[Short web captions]
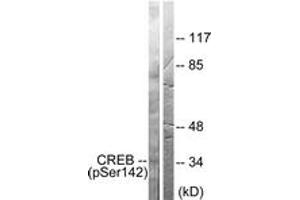 Western blot analysis of extracts from HeLa cells treated with PMA 125ng/ml 30', using CREB (Phospho-Ser142) Antibody. (CREB1 antibody  (pSer142))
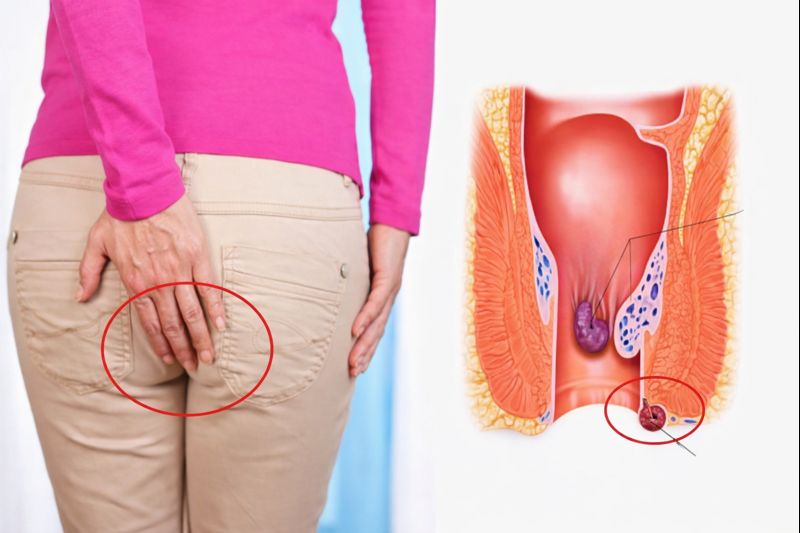 항문 탈항과 치질 증상을 이해하기 위해 여성의 엉덩이 부위와 항문 해부 구조를 함께 표현한 이미지.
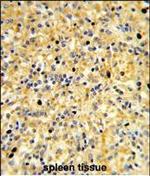CCDC3 Polyclonal Antibody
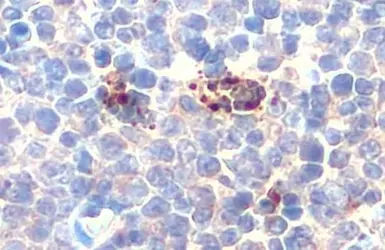 Anti-CD62P antibody used in IHC (Paraffin sections) (IHC-P). GTX133729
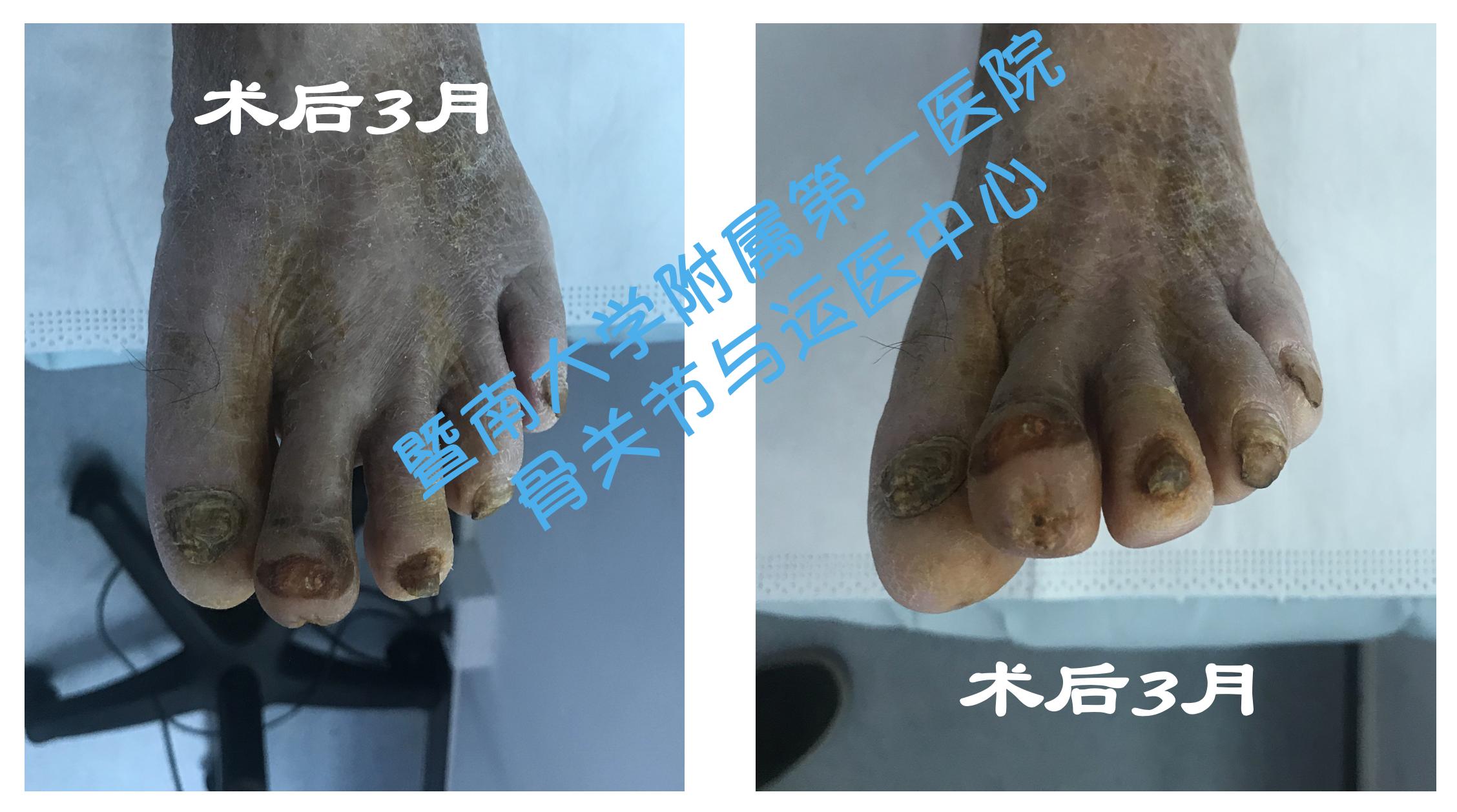 糖尿病足截肢后怎么长肉快,糖尿病足不截肢的最新疗法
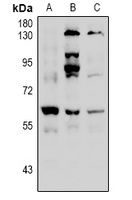 Histone Deacetylase 2 (Phospho-S394) Rabbit Polyclonal Antibody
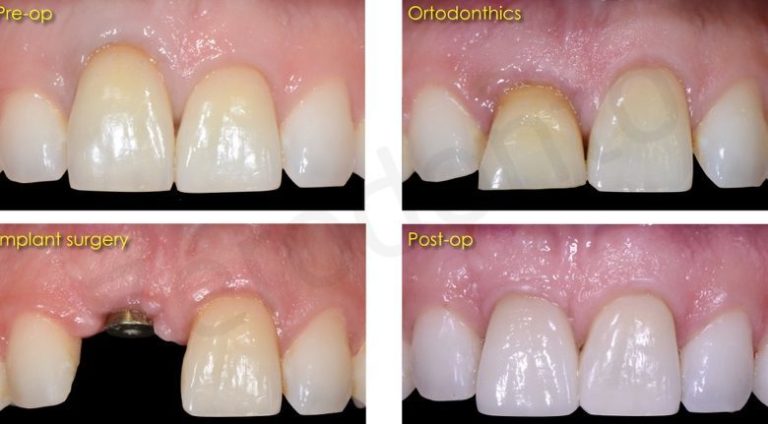 Traitement multidisciplinaire complexe dans le domaine esthétique : de la préparation orthodontique à la finalisation implanto-prothétique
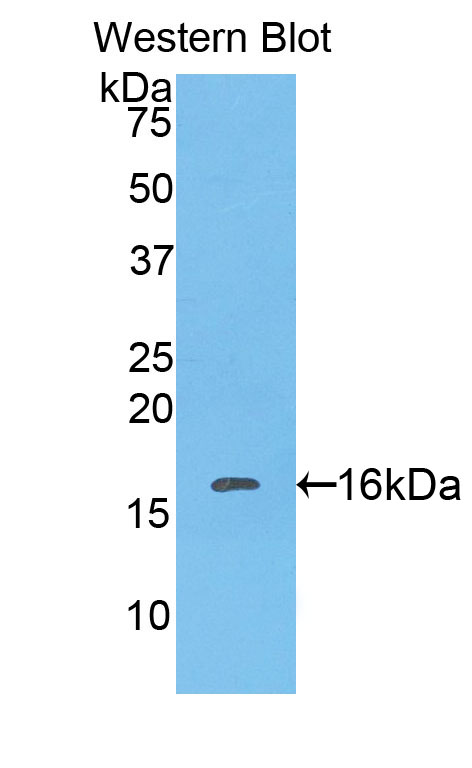 Polyclonal Antibody to Catalase (CAT)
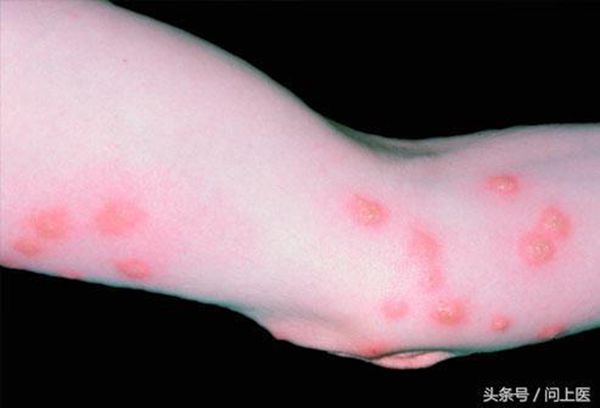 怎么消灭床上的可恶臭虫?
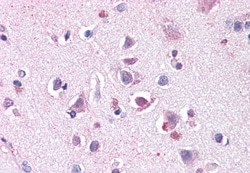 Invitrogen ENT1 Polyclonal Antibody 50 &mu;g; Unconjugated:Antibodies,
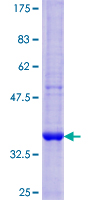 SMPD1 / Acid Sphingomyelinase Protein - 12.5% SDS-PAGE Stained with Coomassie Blue.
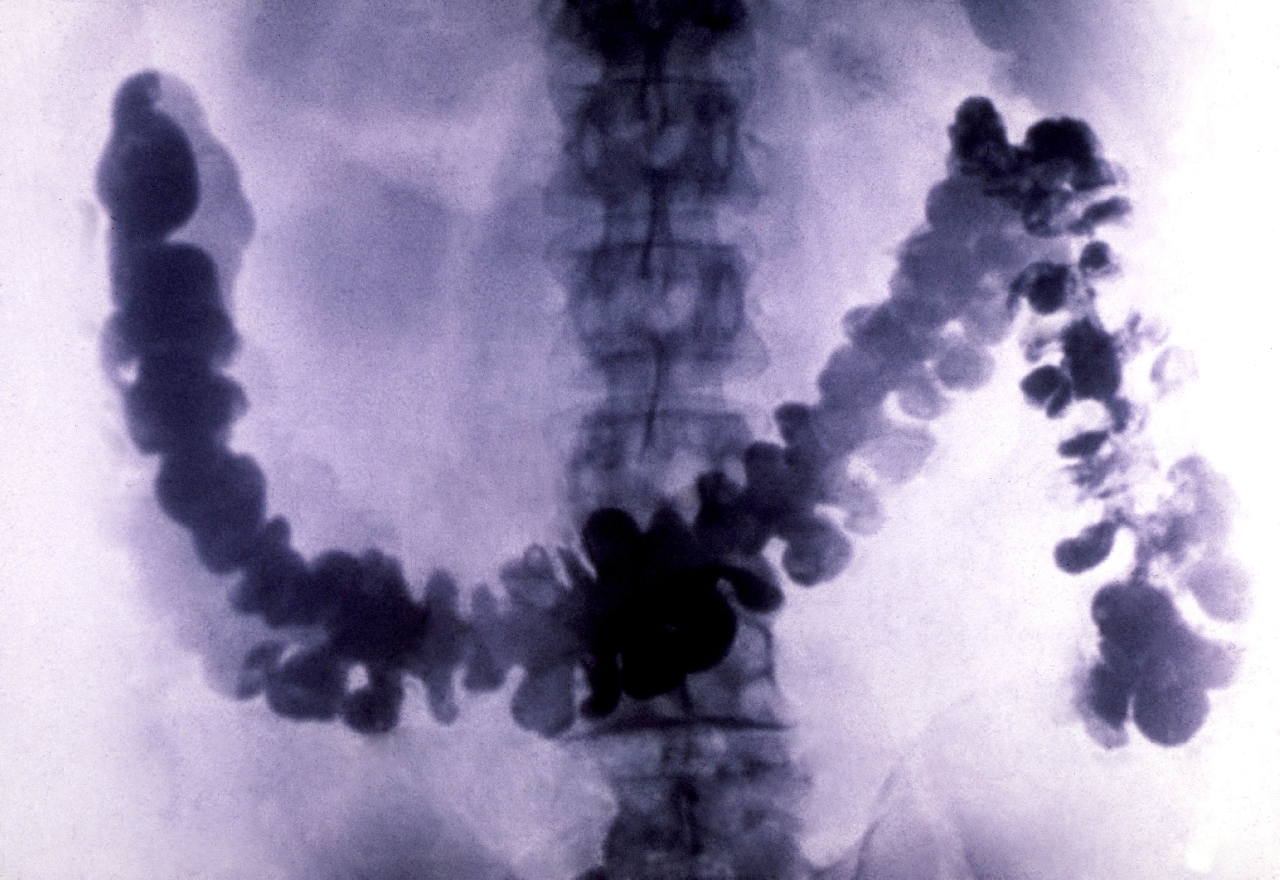 a x-ray of the bowels 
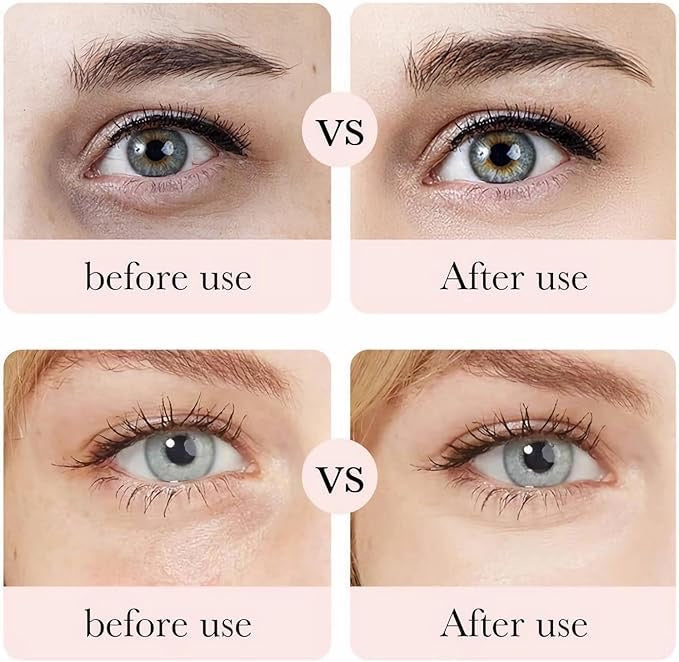 Contorno de ojos Rose hyalutonic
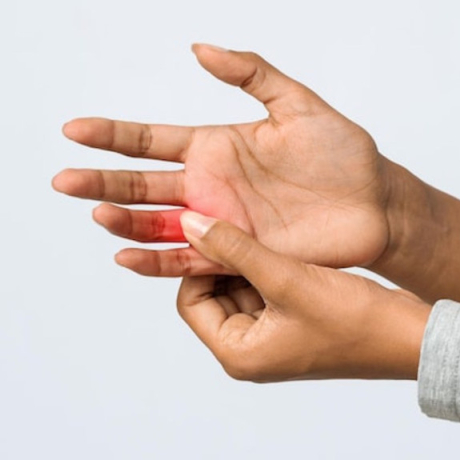 Douleur à l’articulation d’un doigt : causes, symptômes et solutions efficaces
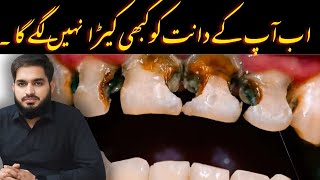 آپ کے دانت کو کبھی کیڑا نہیں لگے گا   Never get a cavity in your TOOTH drmuneermalik [upl. by Rutger]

What you need to do |
When you set down the records above, copy every line exactly and exclude the pictures.

Response |
 Western blot analysis of extracts from HeLa cells treated with PMA 125ng/ml 30', using CREB (Phospho-Ser142) Antibody. (CREB1 antibody  (pSer142))
 항문 탈항과 치질 증상을 이해하기 위해 여성의 엉덩이 부위와 항문 해부 구조를 함께 표현한 이미지.
CCDC3 Polyclonal Antibody
 Anti-CD62P antibody used in IHC (Paraffin sections) (IHC-P). GTX133729
 糖尿病足截肢后怎么长肉快,糖尿病足不截肢的最新疗法
 Histone Deacetylase 2 (Phospho-S394) Rabbit Polyclonal Antibody
 Traitement multidisciplinaire complexe dans le domaine esthétique : de la préparation orthodontique à la finalisation implanto-prothétique
 Polyclonal Antibody to Catalase (CAT)
 怎么消灭床上的可恶臭虫?
 Invitrogen ENT1 Polyclonal Antibody 50 &mu;g; Unconjugated:Antibodies,
 SMPD1 / Acid Sphingomyelinase Protein - 12.5% SDS-PAGE Stained with Coomassie Blue.
 a x-ray of the bowels 
 Contorno de ojos Rose hyalutonic
 Douleur à l’articulation d’un doigt : causes, symptômes et solutions efficaces
 آپ کے دانت کو کبھی کیڑا نہیں لگے گا   Never get a cavity in your TOOTH drmuneermalik [upl. by Rutger]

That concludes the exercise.